Exactly as they stand, repeat the lines from the one containing "dansko crosshatch" through the final line of the listing, both ends included, and nothing else; skip the pictures.

(COLLECTED MATERIAL begins)

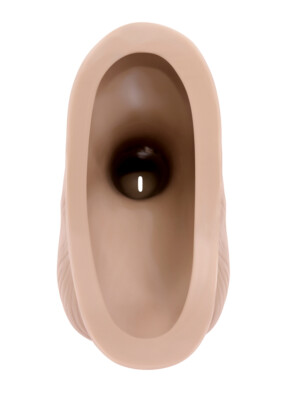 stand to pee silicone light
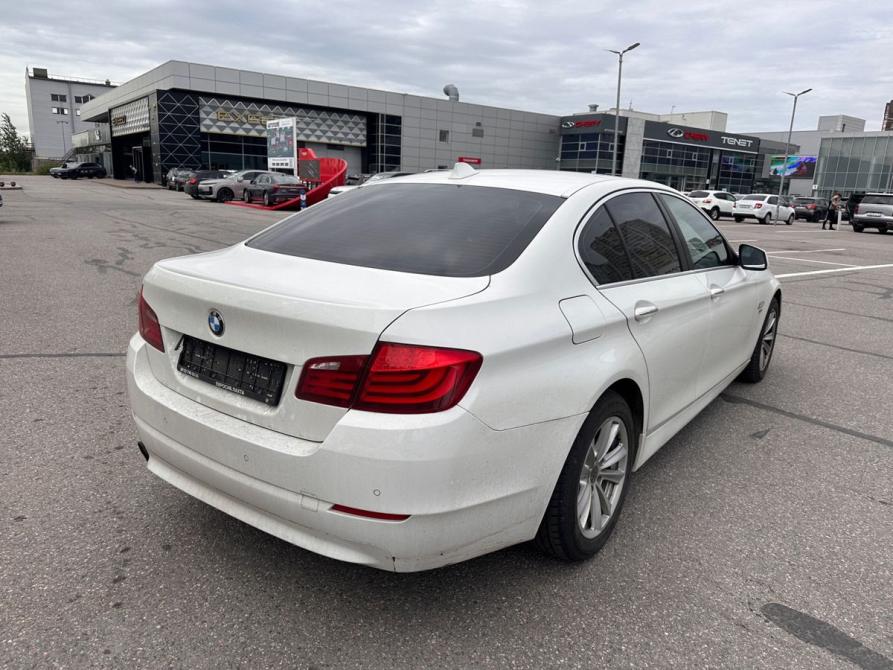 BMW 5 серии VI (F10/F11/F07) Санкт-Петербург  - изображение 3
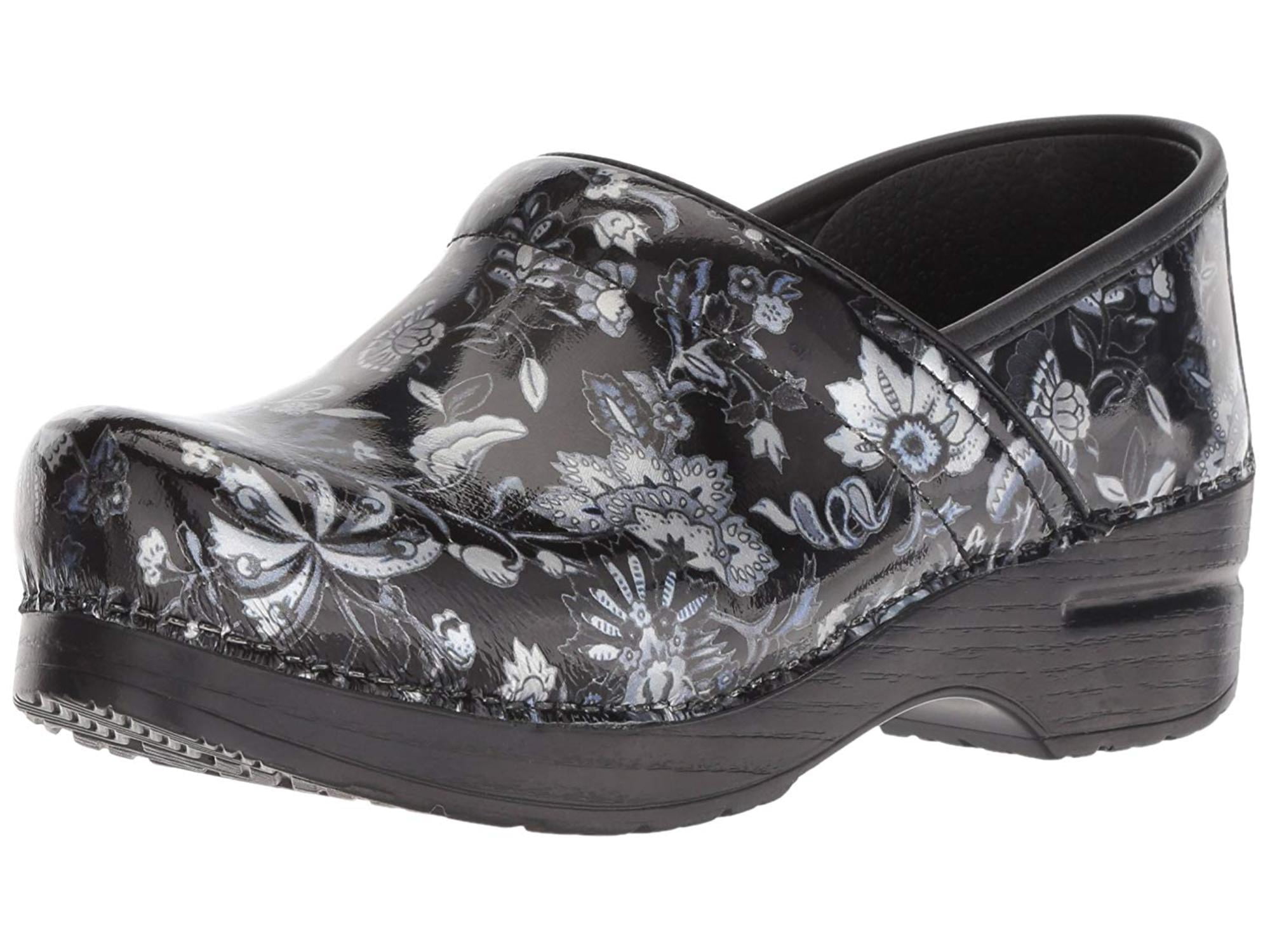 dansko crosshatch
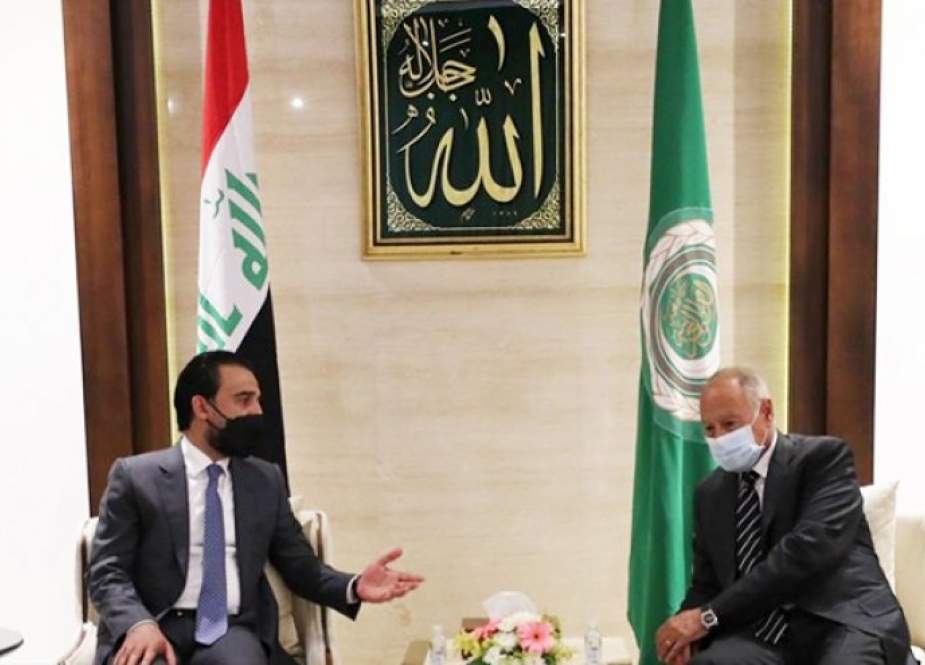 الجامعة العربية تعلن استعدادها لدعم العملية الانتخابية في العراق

(COLLECTED MATERIAL ends)

> [YOUR RESPONSE]
 dansko crosshatch
 الجامعة العربية تعلن استعدادها لدعم العملية الانتخابية في العراق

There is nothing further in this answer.